Task requirements:
From the line with "Viaje a Baja" to the line with "Mixed Breed dogs", retype each line exactly as it stands in the records below, but skip the pictures.

Supplied information:
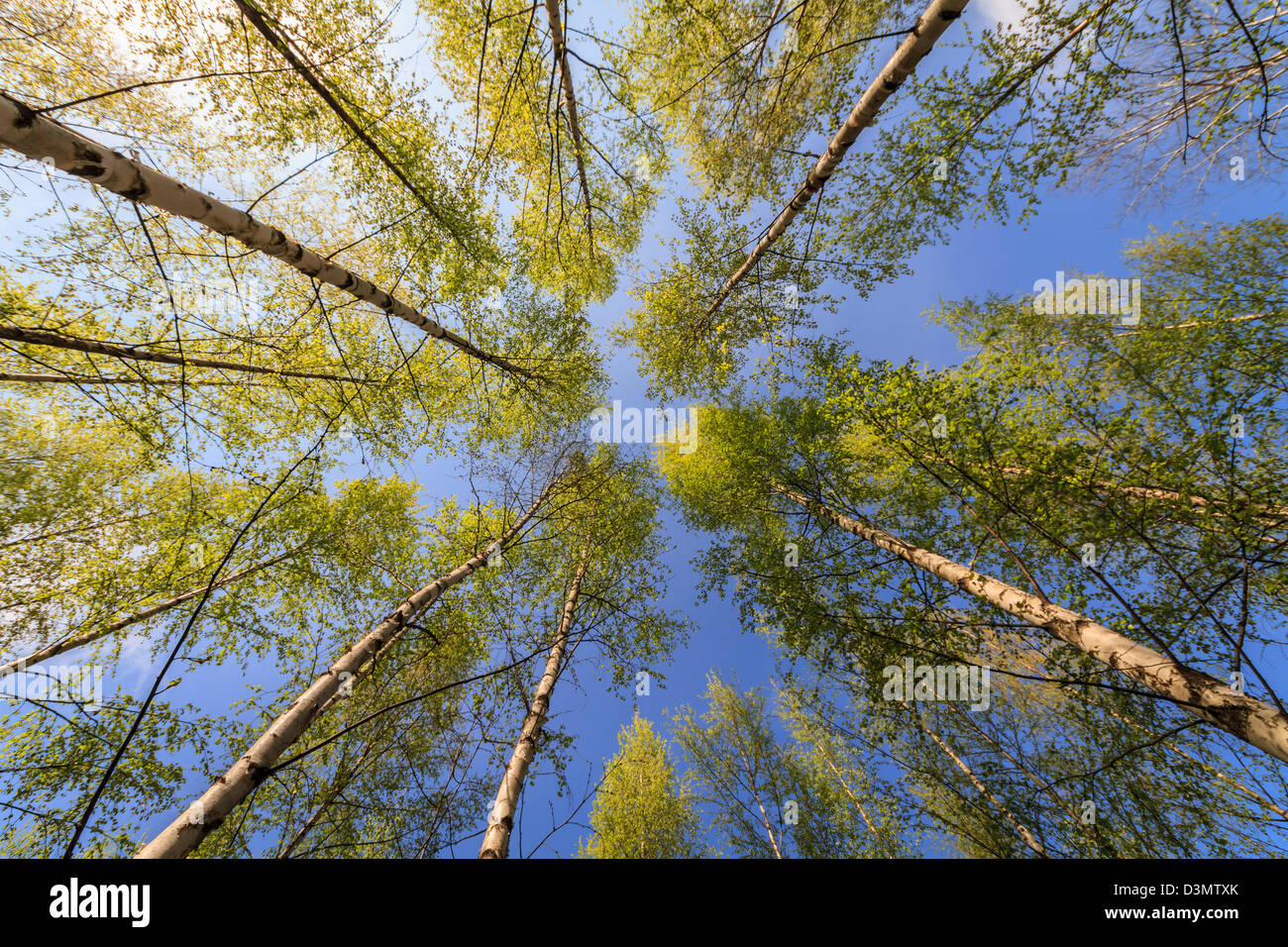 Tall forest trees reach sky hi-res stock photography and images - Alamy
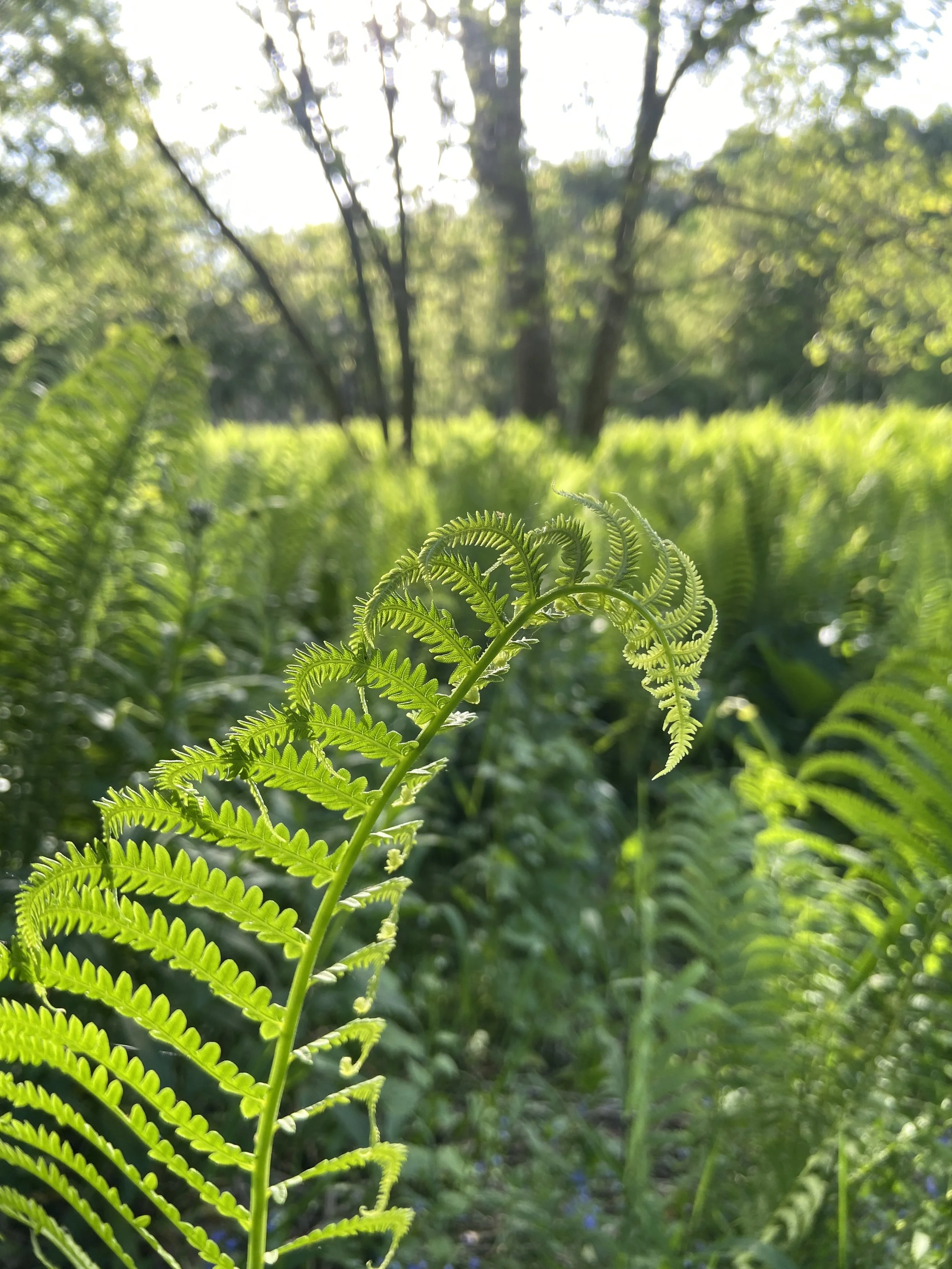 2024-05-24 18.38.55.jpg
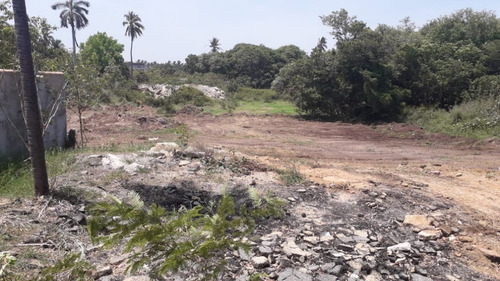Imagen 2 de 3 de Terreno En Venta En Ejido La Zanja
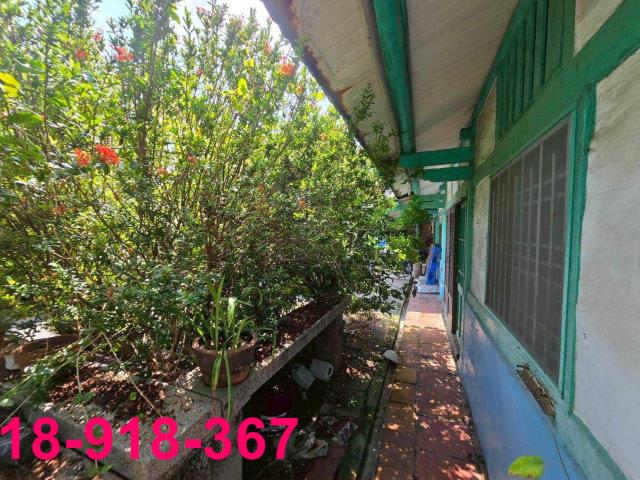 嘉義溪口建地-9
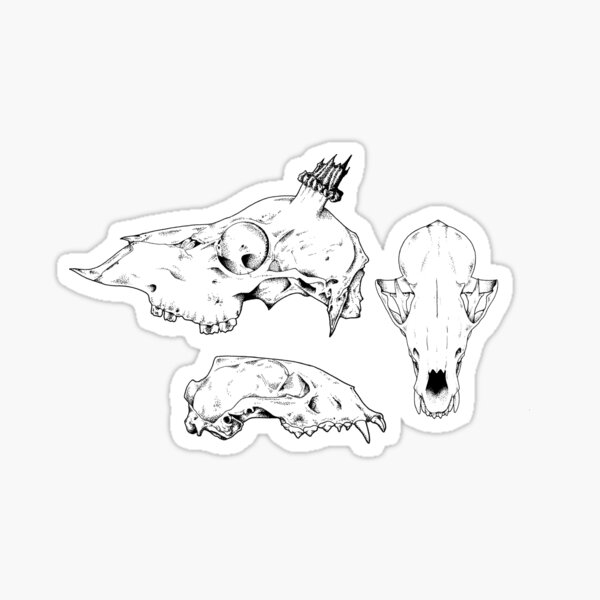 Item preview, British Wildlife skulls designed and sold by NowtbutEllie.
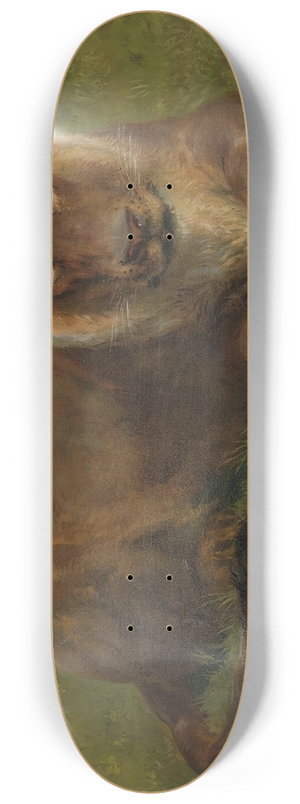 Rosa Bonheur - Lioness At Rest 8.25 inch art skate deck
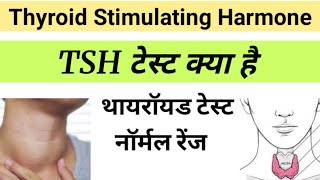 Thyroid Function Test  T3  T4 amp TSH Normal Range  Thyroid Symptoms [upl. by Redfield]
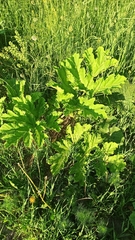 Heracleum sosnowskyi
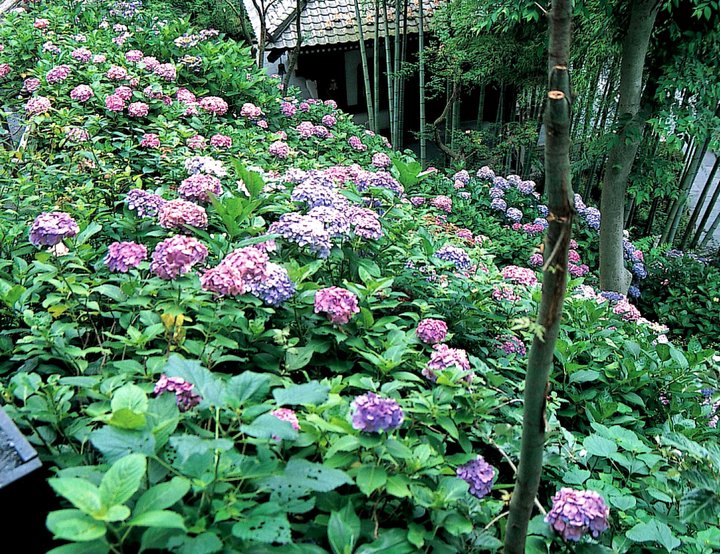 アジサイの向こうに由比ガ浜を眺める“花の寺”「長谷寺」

...

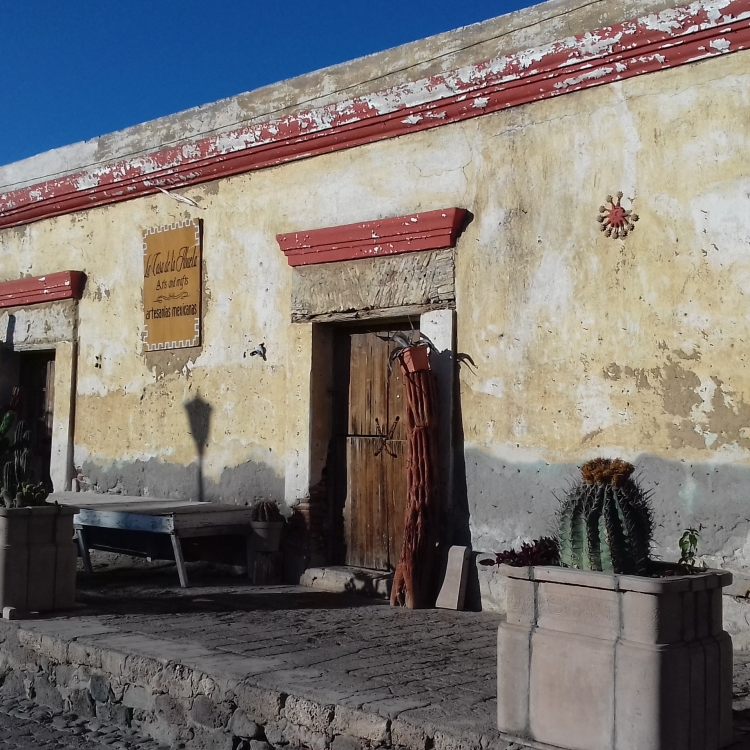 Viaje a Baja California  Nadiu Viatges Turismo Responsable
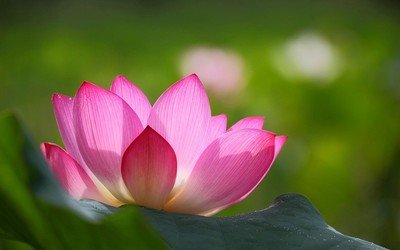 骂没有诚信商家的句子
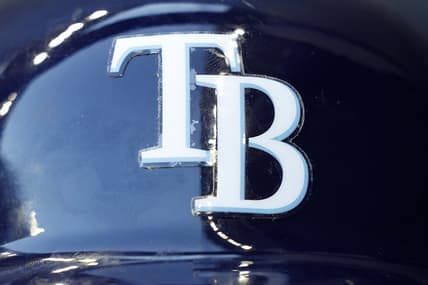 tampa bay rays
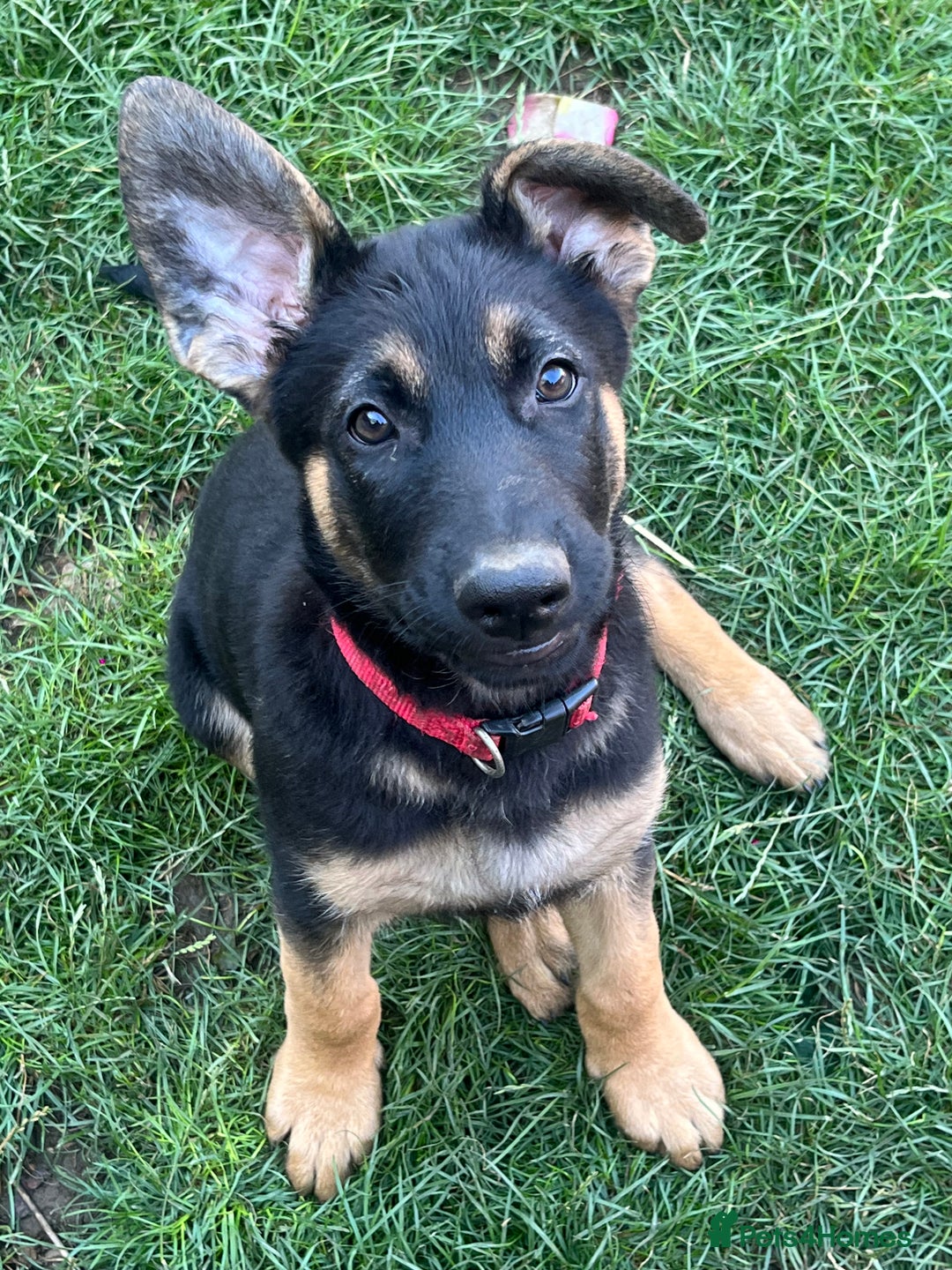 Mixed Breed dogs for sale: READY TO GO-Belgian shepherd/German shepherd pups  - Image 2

Answer to this problem:
 Viaje a Baja California  Nadiu Viatges Turismo Responsable
 骂没有诚信商家的句子
 tampa bay rays
 Mixed Breed dogs for sale: READY TO GO-Belgian shepherd/German shepherd pups  - Image 2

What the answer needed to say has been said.